**PROVIDED MATERIAL**
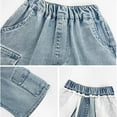 thumbnail image 4 of MKHSQHDG Boys Swim Shorts with Compression Liner 10-12 Boy's Casual Straight Leg Jeans Loose Denim Pants with Pockets Boys Denim Shorts Size 10/12 5-6 Years, 4 of 9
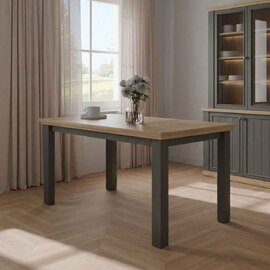 Parenzo Rectangular Wooden Dining Table in Wolfram Grey and Mauvella Oak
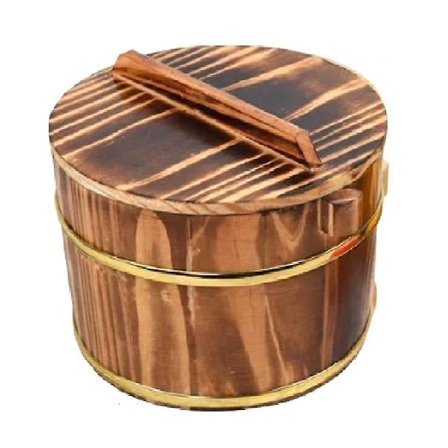 Trätunnor med lock ris skål öl bar fotografering rekvisita isolerad rostfritt stål ris hink-hhny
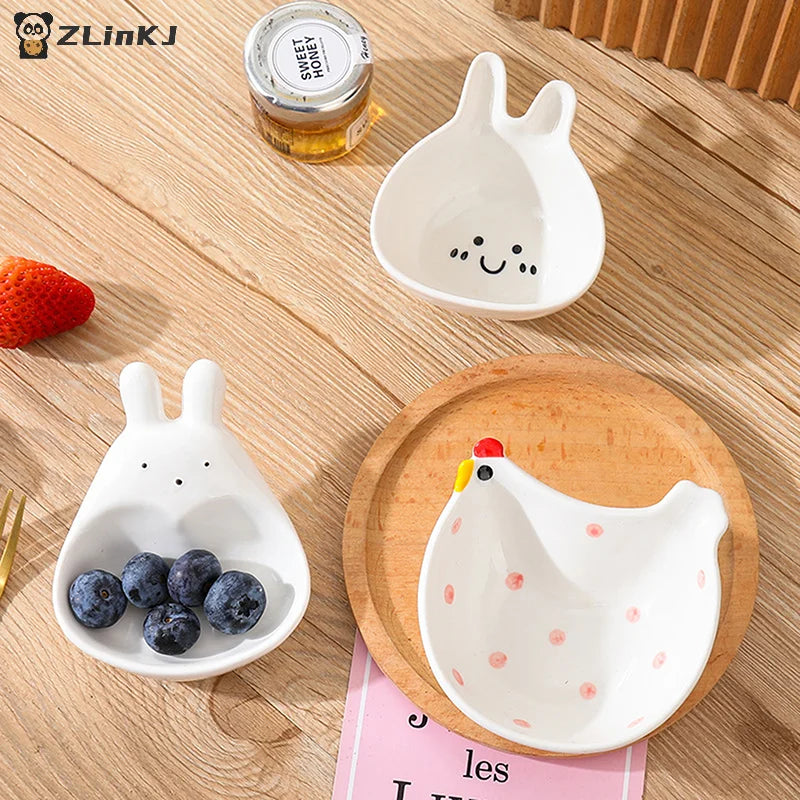 Kitchen Ceramic Dipping Plate Handle Sauce Cute Rabbit Cat Seasoning Zpaxo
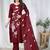 Maroon embroidered  vertical cotton straight kurti pant dupatta set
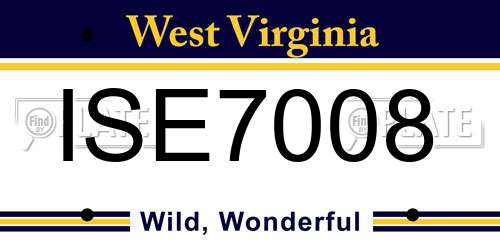 ISE7008 West Virginia License Plate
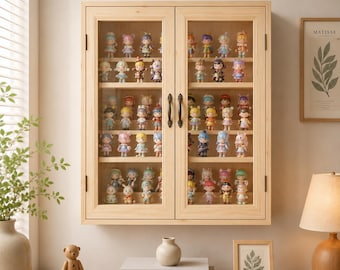 Blind Box Display Cabinet Wood Collectible Stand Dustproof Acrylic Figure Display Case Showcase Transparent Door Unit Anime Figure Shelf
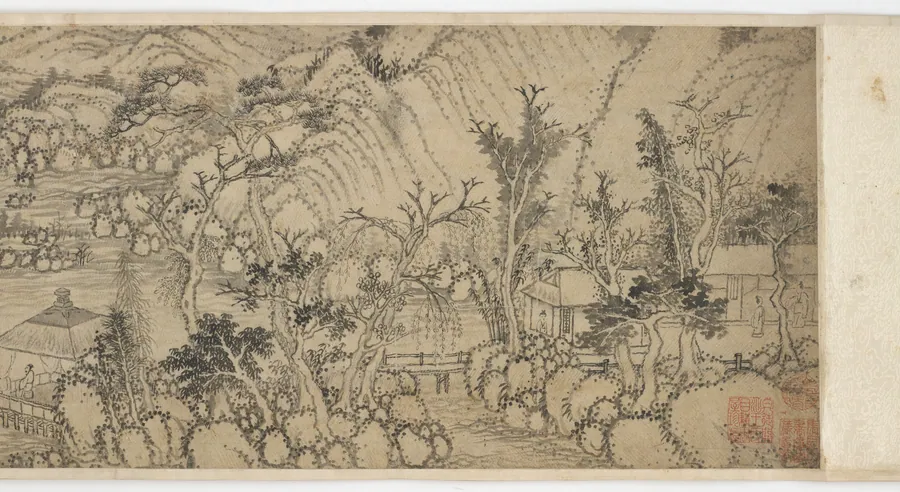Houses at the waterside by Formerly attributed to Cao Zhibo (1272-1355)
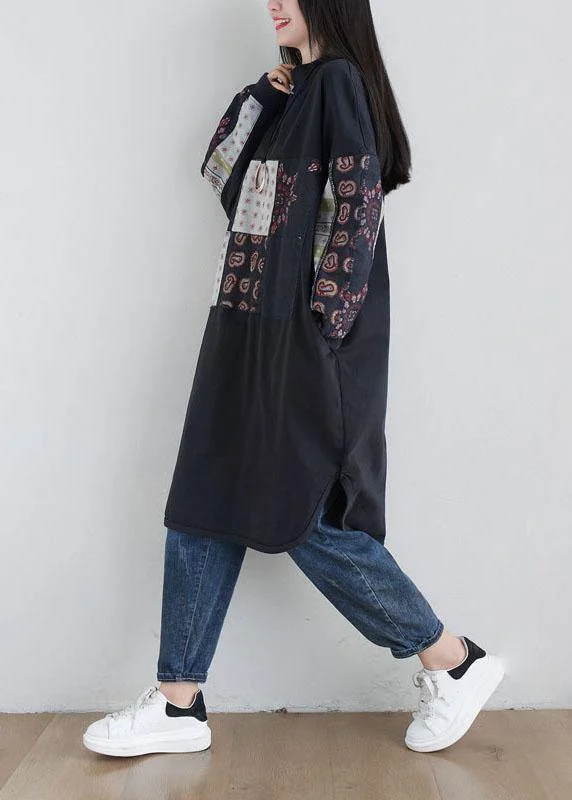 Stylish Black Turtleneck Print Loose Fall Floral Sweatshirts Dress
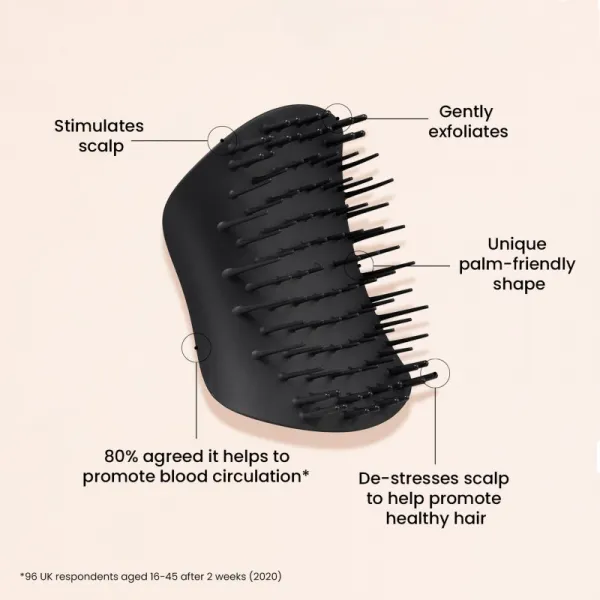 Tangle Teezer kefa na pokožku hlavy The Scalp Exfoliator And Massager - Black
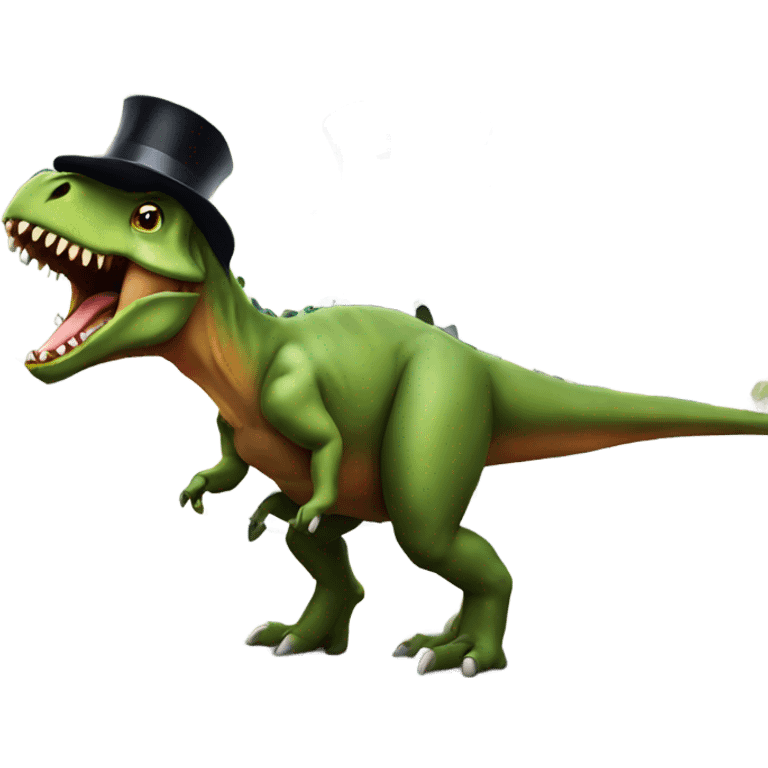 Dinosaur eating a building with a top hat emoji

**YOUR OBJECTIVE**
From the opening line of the entries above to the line containing "ISE7008 West Virginia License Plate", please transcribe each line exactly, skipping every picture.

**RESPONSE**
 thumbnail image 4 of MKHSQHDG Boys Swim Shorts with Compression Liner 10-12 Boy's Casual Straight Leg Jeans Loose Denim Pants with Pockets Boys Denim Shorts Size 10/12 5-6 Years, 4 of 9
 Parenzo Rectangular Wooden Dining Table in Wolfram Grey and Mauvella Oak
 Trätunnor med lock ris skål öl bar fotografering rekvisita isolerad rostfritt stål ris hink-hhny
 Kitchen Ceramic Dipping Plate Handle Sauce Cute Rabbit Cat Seasoning Zpaxo
 Maroon embroidered  vertical cotton straight kurti pant dupatta set
 ISE7008 West Virginia License Plate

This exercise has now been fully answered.